Szukaj na tym blogu

2

Po przerwie- notka zapychacz

poniedziałek, sierpnia 28, 2006

Witajcie po długiej przerwie. Dzisiejszy wpis ma charakter informacyjno- zapychający więc nie będzie dla Was raczej silnym bodźcem do intelektualnego wysiłku (piszę tak, jakby inne wpisy skłaniały do głębokiej refleksji, a wcale być tak nie musi). Wróciłem do 3M po miesięcznym urlopie wśród kaszubskich jezior i lasów i powoli budzę się ze snu letniego, choć nie wiem na jak długo, bo mogę z rozpędu zapaść w zimowy, ale to inna sprawa.

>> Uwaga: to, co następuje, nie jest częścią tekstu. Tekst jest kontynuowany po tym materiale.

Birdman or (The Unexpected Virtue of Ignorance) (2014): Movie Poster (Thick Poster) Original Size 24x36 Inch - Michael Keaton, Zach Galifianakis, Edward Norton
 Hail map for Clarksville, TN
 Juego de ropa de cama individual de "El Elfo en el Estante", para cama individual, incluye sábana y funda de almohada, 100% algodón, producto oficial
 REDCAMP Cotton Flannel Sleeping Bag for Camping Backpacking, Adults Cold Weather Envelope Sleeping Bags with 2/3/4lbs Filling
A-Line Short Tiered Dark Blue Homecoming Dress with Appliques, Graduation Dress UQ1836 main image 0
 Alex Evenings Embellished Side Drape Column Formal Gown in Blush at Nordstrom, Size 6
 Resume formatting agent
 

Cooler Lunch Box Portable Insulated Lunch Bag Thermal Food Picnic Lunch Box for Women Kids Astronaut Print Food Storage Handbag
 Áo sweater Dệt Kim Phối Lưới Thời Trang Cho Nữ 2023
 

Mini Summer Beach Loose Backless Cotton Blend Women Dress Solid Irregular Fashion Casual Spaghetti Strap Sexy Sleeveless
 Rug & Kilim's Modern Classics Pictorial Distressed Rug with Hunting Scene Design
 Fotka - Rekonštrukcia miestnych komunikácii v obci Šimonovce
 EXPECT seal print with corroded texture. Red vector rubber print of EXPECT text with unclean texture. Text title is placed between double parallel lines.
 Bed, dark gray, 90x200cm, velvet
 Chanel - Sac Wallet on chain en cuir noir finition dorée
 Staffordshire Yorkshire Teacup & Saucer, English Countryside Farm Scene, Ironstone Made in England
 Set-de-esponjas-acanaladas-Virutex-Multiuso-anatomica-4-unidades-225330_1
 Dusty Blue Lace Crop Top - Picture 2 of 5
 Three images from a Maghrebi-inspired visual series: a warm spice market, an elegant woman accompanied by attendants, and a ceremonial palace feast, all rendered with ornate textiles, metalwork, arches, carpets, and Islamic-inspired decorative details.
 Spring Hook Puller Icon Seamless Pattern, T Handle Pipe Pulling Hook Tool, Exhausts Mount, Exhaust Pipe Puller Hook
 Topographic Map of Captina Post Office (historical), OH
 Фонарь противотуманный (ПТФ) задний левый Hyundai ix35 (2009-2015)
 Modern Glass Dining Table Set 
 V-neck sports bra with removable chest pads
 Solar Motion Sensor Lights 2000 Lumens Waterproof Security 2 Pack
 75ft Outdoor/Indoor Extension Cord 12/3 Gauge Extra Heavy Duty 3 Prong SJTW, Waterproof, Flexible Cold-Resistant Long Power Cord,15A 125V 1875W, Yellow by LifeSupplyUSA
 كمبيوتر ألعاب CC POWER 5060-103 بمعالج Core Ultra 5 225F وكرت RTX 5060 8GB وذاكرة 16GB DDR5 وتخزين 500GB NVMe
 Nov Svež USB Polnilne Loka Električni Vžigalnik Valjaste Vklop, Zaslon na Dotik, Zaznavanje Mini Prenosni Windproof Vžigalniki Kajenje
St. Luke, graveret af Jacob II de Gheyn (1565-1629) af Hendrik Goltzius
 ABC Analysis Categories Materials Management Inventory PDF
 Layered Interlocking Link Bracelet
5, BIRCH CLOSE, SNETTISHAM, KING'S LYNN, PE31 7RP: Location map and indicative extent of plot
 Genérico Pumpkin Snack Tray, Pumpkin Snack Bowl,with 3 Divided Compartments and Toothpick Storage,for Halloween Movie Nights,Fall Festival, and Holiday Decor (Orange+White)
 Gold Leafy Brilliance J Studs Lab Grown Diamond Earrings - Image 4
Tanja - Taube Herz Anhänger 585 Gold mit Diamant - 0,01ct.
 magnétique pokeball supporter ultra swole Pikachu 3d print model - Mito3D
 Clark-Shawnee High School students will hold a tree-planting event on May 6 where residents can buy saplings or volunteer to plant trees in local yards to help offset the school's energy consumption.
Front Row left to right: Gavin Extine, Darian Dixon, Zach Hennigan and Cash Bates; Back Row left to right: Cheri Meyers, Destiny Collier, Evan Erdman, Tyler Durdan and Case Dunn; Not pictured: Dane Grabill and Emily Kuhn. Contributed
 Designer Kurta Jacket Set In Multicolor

Postanowiłem, że HIPERbLOG będzie się ukazywał w cyklu tygodniowym, nie będzie zatem spełniał funkcji typowego bloga, chociaż czym jest blog, możemy się spierać. W każdym razie nie zamierzam i właściwie już tego nie robię, publikować suchych i krótkich informacji, pisać o nowej wersji wordpress lub innego programu, ani powielać wpisów z zagranicznych blogów. Krótko mówiąc- lepiej rzadziej a głębiej niż często i po powierzchni. Choć mój zamiar jakościowy wcale nie musi się zrealizować w pełni.

Postanowiłem pisać w poniedziałki, choć to nie jest reguła nie do zniesienia. Następny wpis najpóźniej za tydzień. Przy okazji pozdrawiam małe, ale dość wierne (o ile mogę to stwierdzić jedynie na podstawie statystyk) grono czytelników (lub zwykłych za(pod)glądaczy).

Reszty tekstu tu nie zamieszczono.